French Polynesia Tackles Money Laundering with Risk-Based Approach
The French Polynesia Financial Services Authority (FPFSA) has taken a proactive stance against money laundering and terrorist financing by implementing a risk-based approach to anti-money laundering (AML) compliance. As the regulatory body responsible for overseeing non-bank financial institutions and international financial services in the region, the FPFSA ensures that all entities under its purview adhere to strict AML/CFT requirements.
Conducting Off-Site and On-Site Activities
To achieve this goal, the FPFSA conducts a combination of off-site and on-site activities to monitor compliance.
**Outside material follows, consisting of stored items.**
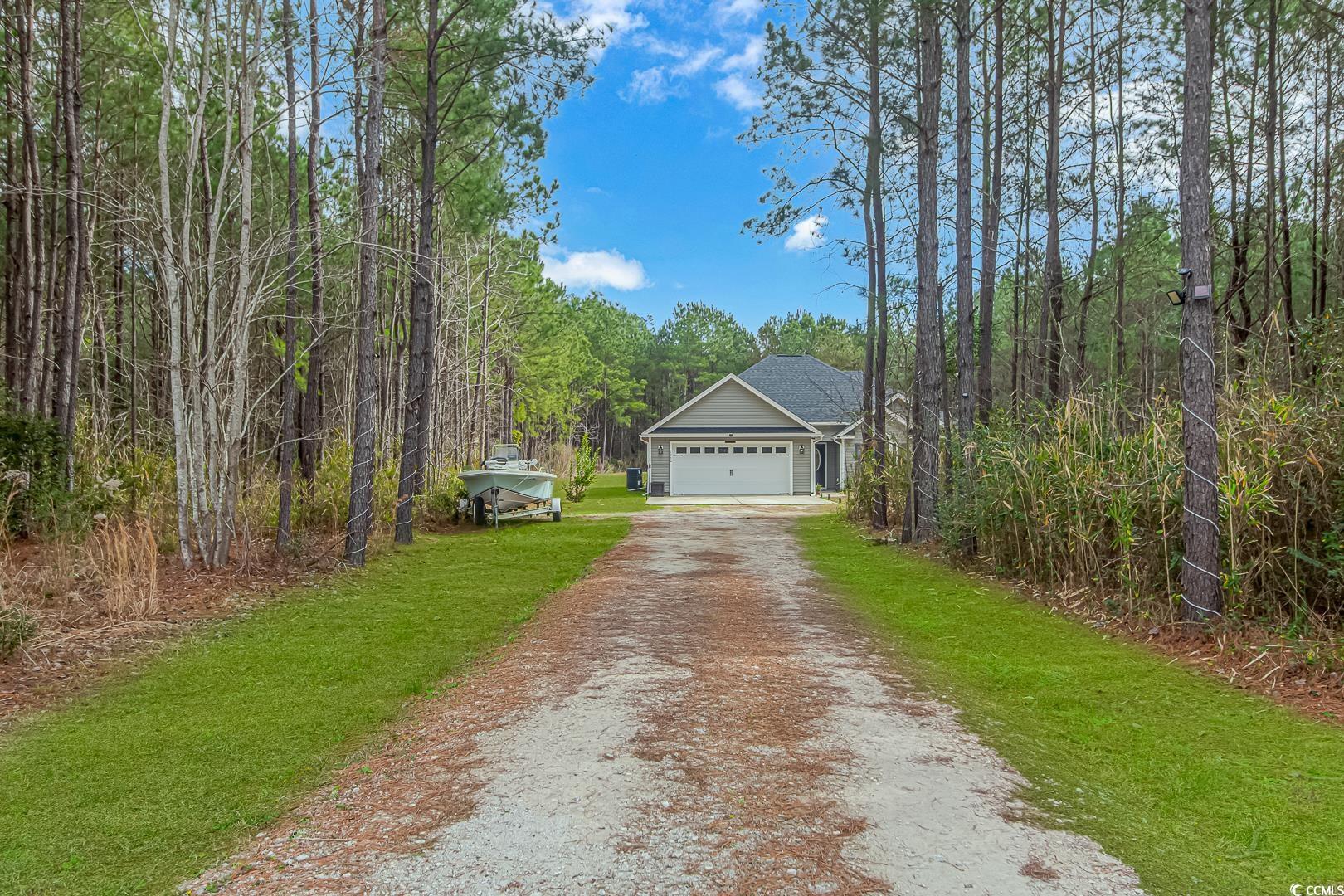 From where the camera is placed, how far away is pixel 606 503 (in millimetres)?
23750

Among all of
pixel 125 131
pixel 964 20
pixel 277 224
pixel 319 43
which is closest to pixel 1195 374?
pixel 964 20

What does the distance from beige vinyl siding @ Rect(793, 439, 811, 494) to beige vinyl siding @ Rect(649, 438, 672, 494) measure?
4.28 metres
These activities include:
- Off-site monitoring: The authority reviews institutions’ financial records, transaction reports, and other documentation to identify potential risks.
- On-site monitoring: The FPFSA performs regular site visits to verify information gathered during off-site monitoring and assess the institution’s overall AML/CFT framework.
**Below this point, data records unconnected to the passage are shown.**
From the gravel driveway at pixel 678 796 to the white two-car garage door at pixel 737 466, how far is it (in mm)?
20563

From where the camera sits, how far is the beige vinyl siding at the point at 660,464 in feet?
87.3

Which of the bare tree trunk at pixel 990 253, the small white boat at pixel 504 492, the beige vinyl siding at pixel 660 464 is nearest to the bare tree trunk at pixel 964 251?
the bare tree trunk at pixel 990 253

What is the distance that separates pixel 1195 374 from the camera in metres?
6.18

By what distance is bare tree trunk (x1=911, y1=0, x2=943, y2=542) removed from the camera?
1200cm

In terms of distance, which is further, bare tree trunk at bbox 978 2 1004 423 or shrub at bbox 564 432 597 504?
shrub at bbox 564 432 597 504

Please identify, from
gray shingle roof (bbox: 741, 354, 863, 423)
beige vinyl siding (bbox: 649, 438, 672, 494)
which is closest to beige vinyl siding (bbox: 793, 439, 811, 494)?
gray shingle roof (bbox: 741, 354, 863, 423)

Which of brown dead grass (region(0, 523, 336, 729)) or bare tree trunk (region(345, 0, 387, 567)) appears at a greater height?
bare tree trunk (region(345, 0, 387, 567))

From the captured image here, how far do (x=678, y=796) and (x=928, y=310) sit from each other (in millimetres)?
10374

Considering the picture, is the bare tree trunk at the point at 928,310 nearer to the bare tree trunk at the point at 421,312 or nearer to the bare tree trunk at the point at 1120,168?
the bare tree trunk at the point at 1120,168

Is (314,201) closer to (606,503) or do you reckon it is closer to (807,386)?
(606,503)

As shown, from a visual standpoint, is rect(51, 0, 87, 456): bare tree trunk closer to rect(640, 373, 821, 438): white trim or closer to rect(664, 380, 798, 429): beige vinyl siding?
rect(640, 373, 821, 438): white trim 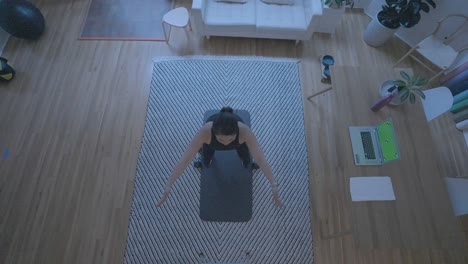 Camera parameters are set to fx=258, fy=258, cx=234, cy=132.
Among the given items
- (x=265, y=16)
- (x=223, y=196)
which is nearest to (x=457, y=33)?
(x=265, y=16)

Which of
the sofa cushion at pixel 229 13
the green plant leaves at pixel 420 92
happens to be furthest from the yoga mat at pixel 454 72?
the sofa cushion at pixel 229 13

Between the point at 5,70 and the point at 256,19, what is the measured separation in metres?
2.93

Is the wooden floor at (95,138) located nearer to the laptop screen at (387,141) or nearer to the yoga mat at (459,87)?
the yoga mat at (459,87)

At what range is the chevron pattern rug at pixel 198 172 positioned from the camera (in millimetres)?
2316

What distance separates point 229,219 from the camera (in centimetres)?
241

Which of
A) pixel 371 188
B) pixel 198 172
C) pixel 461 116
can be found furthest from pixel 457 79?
pixel 198 172

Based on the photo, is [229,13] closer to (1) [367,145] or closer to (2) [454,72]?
(1) [367,145]

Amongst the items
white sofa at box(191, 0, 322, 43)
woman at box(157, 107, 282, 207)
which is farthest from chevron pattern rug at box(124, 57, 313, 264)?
woman at box(157, 107, 282, 207)

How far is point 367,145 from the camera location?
1.97m

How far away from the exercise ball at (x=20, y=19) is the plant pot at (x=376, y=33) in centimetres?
410

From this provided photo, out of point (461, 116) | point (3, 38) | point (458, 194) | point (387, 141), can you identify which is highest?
point (3, 38)

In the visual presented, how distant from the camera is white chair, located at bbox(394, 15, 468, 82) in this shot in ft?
8.91

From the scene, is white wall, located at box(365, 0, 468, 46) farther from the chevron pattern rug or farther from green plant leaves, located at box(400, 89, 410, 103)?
green plant leaves, located at box(400, 89, 410, 103)

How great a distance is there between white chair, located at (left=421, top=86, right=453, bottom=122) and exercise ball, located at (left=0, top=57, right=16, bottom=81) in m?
4.26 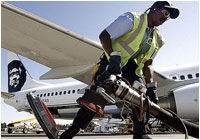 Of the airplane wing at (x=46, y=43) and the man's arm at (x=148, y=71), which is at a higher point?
the airplane wing at (x=46, y=43)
AML/CTF Supervisory Framework
The FPFSA has developed an AML/CTF Supervisory Framework, which outlines the methodology used to determine its supervisory approach. This framework enables the authority to:
- Identify institutions posing the greatest risk and focus its efforts accordingly.
- Allocate resources effectively and address threats and risks in a timely manner.
Benefits of Risk-Based Approach
By adopting a risk-based approach, the FPFSA is able to:
- Enhance the overall stability of the financial system by addressing potential threats and risks proactively.
- Safeguard French Polynesia’s reputation as a reliable and secure jurisdiction for international financial transactions.
Overall, the FPFSA’s risk-based approach to AML/CFT compliance demonstrates its commitment to ensuring the integrity of the financial system in French Polynesia.